Selasa, 21 April 2015

BELAJAR DARI SHAFIYYAH BINTI ABDUL MUTHALIB

Shahabiyah adalah sahabat Rasulullah saw dari kalangan Muslimah, mereka adalah wanita – wanita tangguh di medan jihad dan dakwah. Ujian demi ujian, mereka senantiasa menghadapinya dengan penuh kesabaran. Mereka mujahidah sejati sepanjang masa, yang tidak pernah lekang oleh waktu dan zaman. Mereka juga ikut terjun ke medan jihad bersama Rasulullah saw, menyiapkan logistik dan obat – obatan untuk para pasukan Muslimin yang terluka.
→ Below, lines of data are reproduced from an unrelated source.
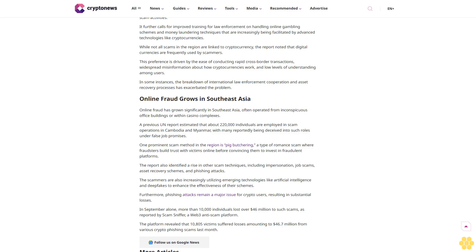It further calls for improved training for law enforcement on handling online gambling schemes and money laundering techniques that are increasingly being facilitated by advanced technologies like cryptocurrencies. While not all scams in the region are linked to cryptocurrency, the report noted that digital currencies are frequently used by scammers. This preference is driven by the ease of conducting rapid cross-border transactions, widespread misinformation about how cryptocurrencies work, and low levels of understanding among users. In some instances, the breakdown of international law enforcement cooperation and asset recovery processes has exacerbated the problem.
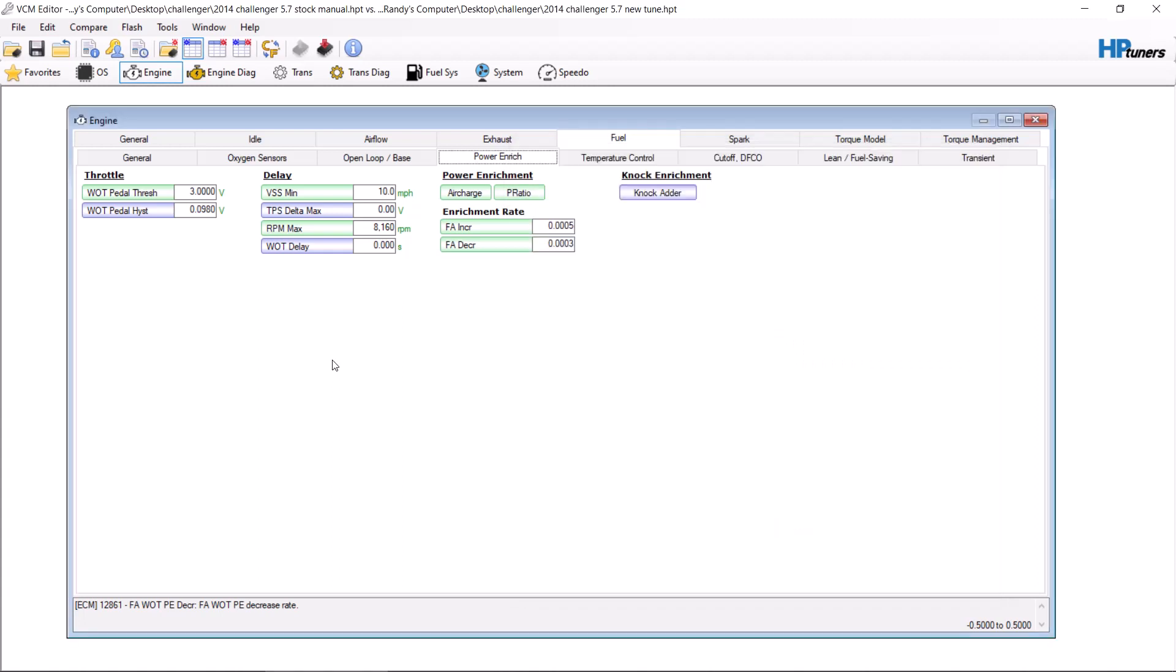So someone asked me to make a video going over power enrichment with the Hemis. I'm going to cover two things in this video. One of them is going to be the throttle and how to make it more sensitive. And the second thing is going to be power enrichment.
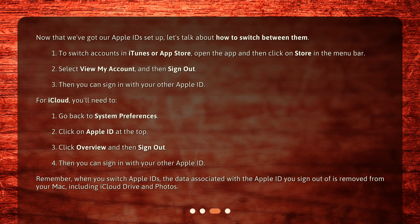For iCloud, you'll need to: 1. Go back to System Preferences. 2. Click on Apple ID at the top. 3. Click Overview and then sign out. 4. Then you can sign in with your other Apple ID.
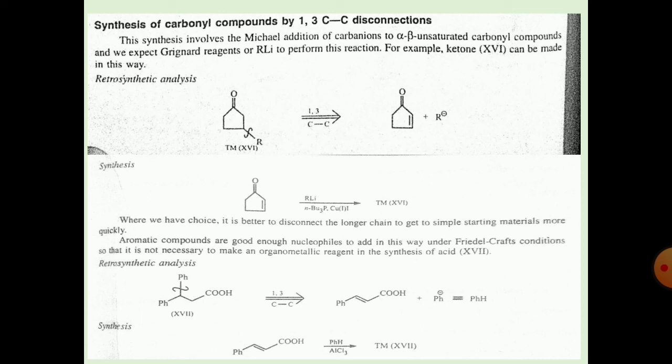Today we covered the disconnection of carbonyl compounds and the components involved in carbonyl compound disconnection.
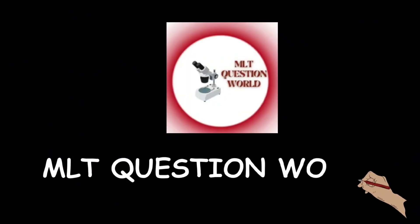Hello friends, welcome back to MLT Question World. Today we are going to discuss another question paper. You can watch the previous videos from playlist, and if you are watching without subscribing, please do subscribe the channel.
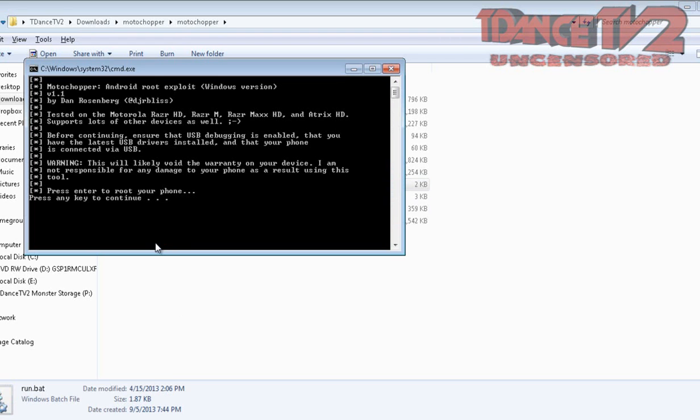Once you press any key, it's going to start the root process. It only takes a few minutes - it's very quick - and then it will tell you to press any key to reboot the phone.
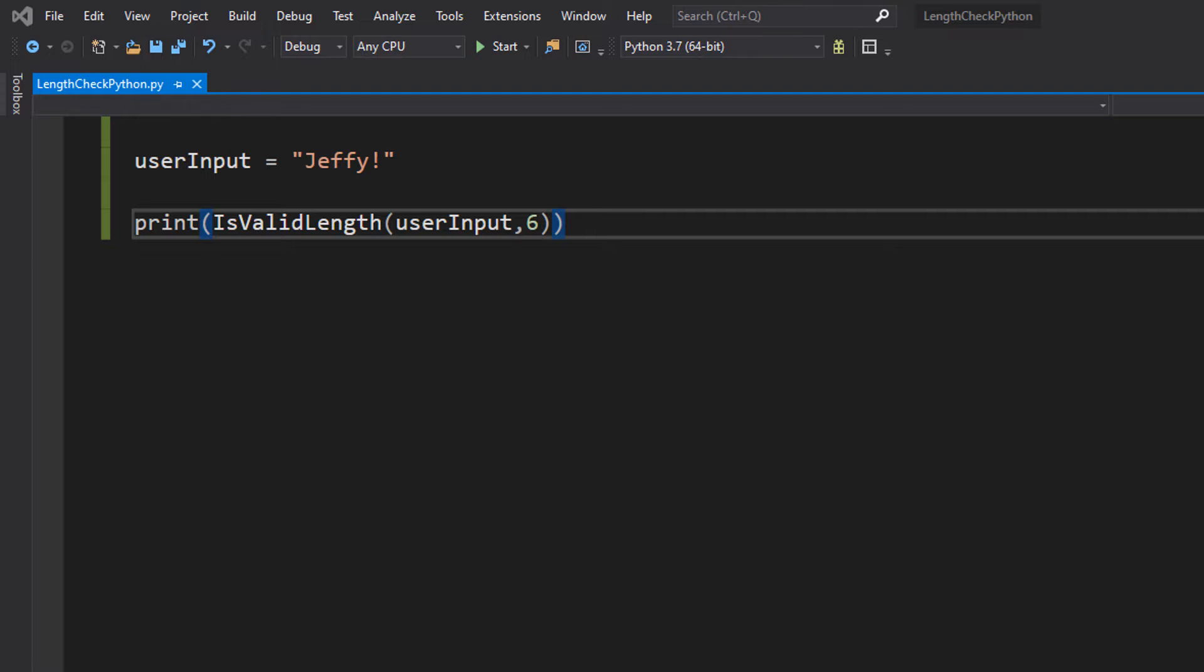And today we're here with validating the length part 2. So if you haven't watched the last video and you want to, click the i up in the corner and it will take you right there.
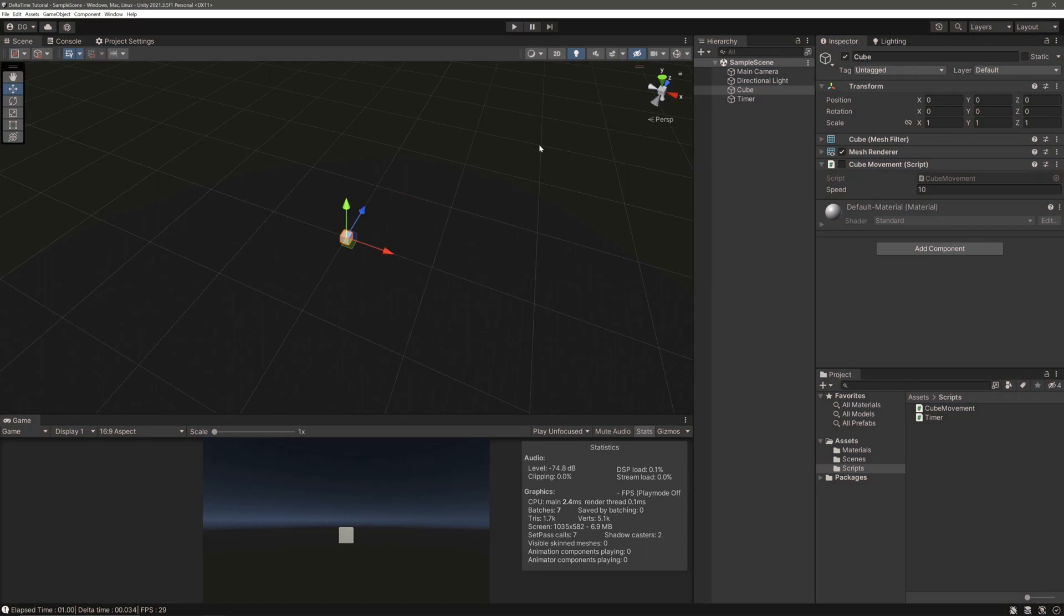No matter if we are on 30 FPS machine or 200 FPS machine, it's not that big of a difference. That's it for the video. I hope you guys can now confidently use time.deltaTime in your own code with better understanding.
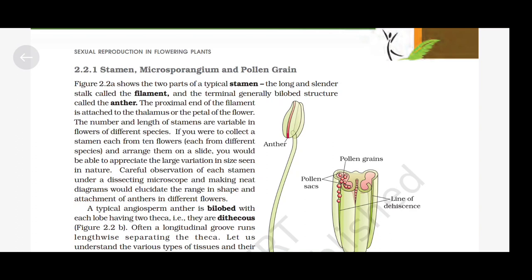Stamen, Microsporangium and Pollen Grain. A typical stamen has two parts: the long and slender stalk called the filament, and the terminal, generally bilobed structure called the anther. The proximal end of the filament is attached to the thalamus or the petal of the flower. The number and length of stamens are variable in flowers of different species. Careful observation of each stamen under a dissecting microscope would elucidate the range in shape and attachment of anthers in different flowers.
Subhanallah.

Muslimah seperti halnya para shahabiyah tidak mudah mengeluh, tidak cengeng, mampu menjaga kehormatan diri dan izzah Islam, yang melahirkan generasi mujahid yang senantiasa membela Islam di medan jihad sampai titik darah penghabisan serta senantiasa tegar menghadapi penindasan yang dilancarkan oleh musuh – musuh Islam. Bahkan, tidak jarang menjadi barisan paling belakang saat di medan jihad. Tujuannya untuk menghadang pasukan Muslimin yang lari dari medan jihad.
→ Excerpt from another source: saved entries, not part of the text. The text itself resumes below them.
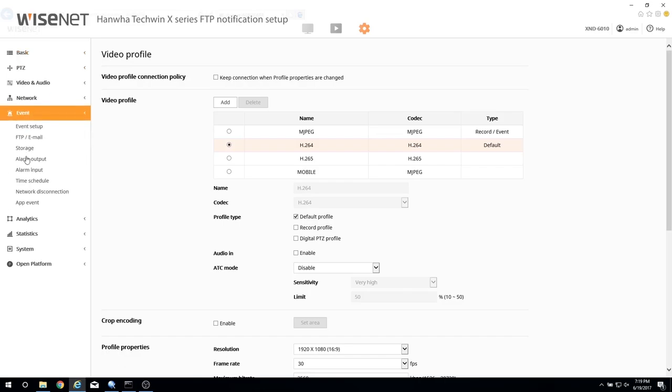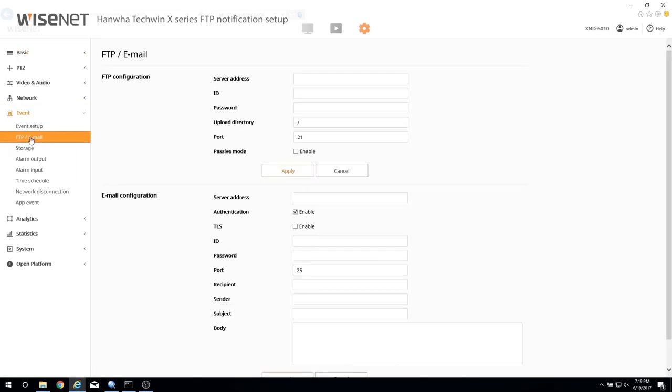Press Event and then press FTP forward slash email menu.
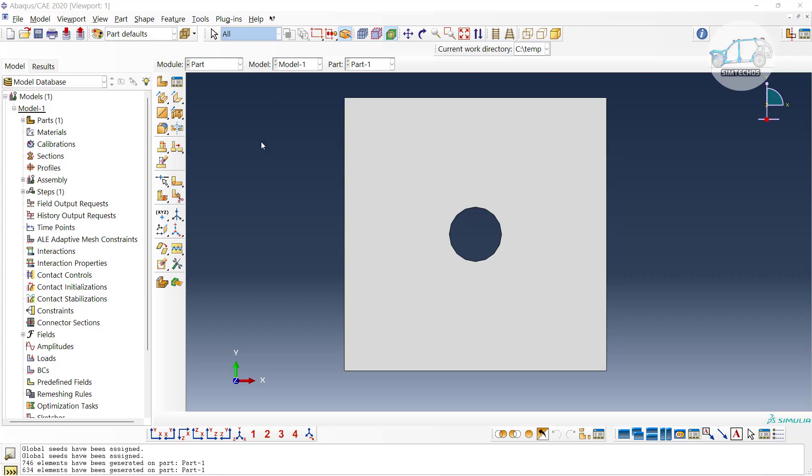Greetings to all, welcome to the channel Symtech05. This is a small video on meshing.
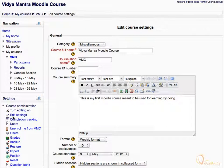Now click Edit Settings. On the Edit Course Settings page, you can edit the course settings like its name, format, number of weeks or topics, etc.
Shafiyyah binti Abdul Muthalib merupakan salah satu dari para shahabiyah yang harum namanya sepanjang sejarah kehidupan, beliau adalah bibi Rasulullah saw yang dilahirkan dari suku Quraisy. Quraisy adalah bangsa yang paling dihormati oleh para kabilah di Jazirah Arab ketika itu, keturunan paling mulia diantara suku – suku lain. Ayahnya, Abdul Muthalib, seorang petinggi di tanah Jazirah Arab pada masanya. Suaminya, Awwam bin Khuwailid adalah saudara kandung dari Ummul Mukminin Khadijah binti Khuwailid. Dari suaminya inilah lahir seorang anak yang bernama Zubair bin Awwam, yang dijuluki sebagai hawari Rasulullah saw.
 Di tengah keluarga yang sangat dihormati, keturunan yang dihormati dan bersama orang – orang yang dihormati. Sehingga membentuk kepribadiannya yang tangguh dan kuat, tidak lemah serta berani. Bahkan beliau lihai memainkan pedang, menunggang kuda seperti mujahid yang sedang berperang. Tidak hanya itu, beliau termasuk orang yang intelektual, karena beliau suka membaca.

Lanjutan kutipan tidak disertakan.